And how can we bring one to Albany?
At our monthly meeting on November 17, 2011 Ken B. brought up bicycle boulevards. This got me thinking. I’ve come up with a few questions to help us understand bicycle boulevards a bit better.
What are bicycle boulevards?
“Bicycle boulevards are low-volume and low-speed streets that have been optimized for bicycle travel through treatments such as traffic calming and traffic reduction, signage and pavement markings, and intersection crossing treatments,” according to Portland University’s Fundamentals of Bicycle Boulevard Planning and Design.
What is the purpose of a bicycle boulevard?
“The purpose of a bicycle boulevard is to improve bicycle safety and circulation, by providing cyclists a designated travel route as an alternative to or as a companion route to using lanes on higher motor vehicle volume streets,” according to a report prepared by Alliant Engineering, Inc for the City of Minneapolis.
Who use bicycle boulevards?
Cyclist and non motor vehicle users all over the world.
Do they work?
Yes. Among the eight case studies included in the Fundamentals of Bicycle Boulevard Planning and Design, Portland University found that bike boulevards are, “well-loved in each community,” and that, “nearly all representatives indicated that they have plans for additional bicycle boulevards.” Further, by using bicycle boulevard planning in San Luis Obispo, planners have lowered traffic volumes from three hundred forty five to seventy five cars in one two hour count.

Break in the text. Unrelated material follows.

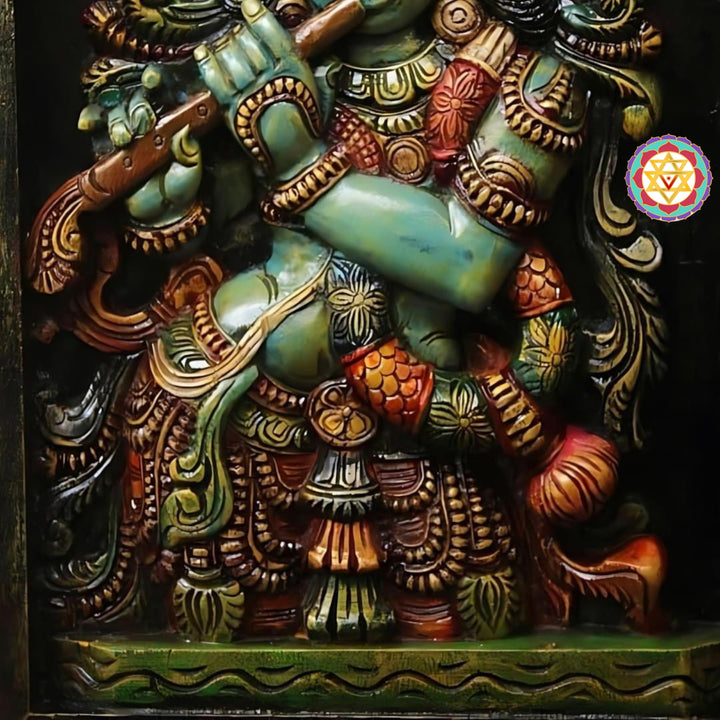 Front view of wooden Krishna handcarved frame — detailed deity carving with peacock and flute motifs, antique polish finish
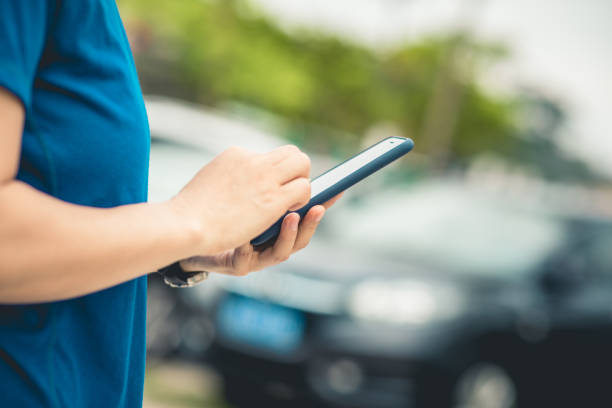 istock Asian woman using smartphone outdoors 1220689636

If the idea is to create safer routes for cyclists, bicycle boulevards work.
How can we create a bike boulevard in Albany?
Five broad elements are included in Portland University’s fundamentals for bicycle boulevard design: traffic calming, signage, traffic reduction, intersection treatment, and prioritized travel.

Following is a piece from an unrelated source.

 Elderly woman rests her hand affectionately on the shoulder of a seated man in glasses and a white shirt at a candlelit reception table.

Albany could easily construct a bicycle boulevard using signage. Signs are easily designed, constructed, are cheap, and can be put up in a day. There are plenty of cyclists who know alternative routes to the busy arteries: Central, Washington, Western, and Madison. They are willing and able to help design and implement a bicycle boulevard here in Albany.
I would personally like to see these boulevards constructed. The main arteries are too dangerous. I have lived in Albany for nearly five years and ride nearly everyday. I have been hit by a car four times in my life. Four times. Three of which were on Central Avenue.
[image from streetblog.org]
In all, what does this mean?
- It means that bicycle boulevards are designed to make a community safer.
- It means bicycle boulevards can be constructed as easily as posting a few signs.
- It means by constructed bicycle boulevards, a community is showing its members that cycling is a viable source of transportation and recreation.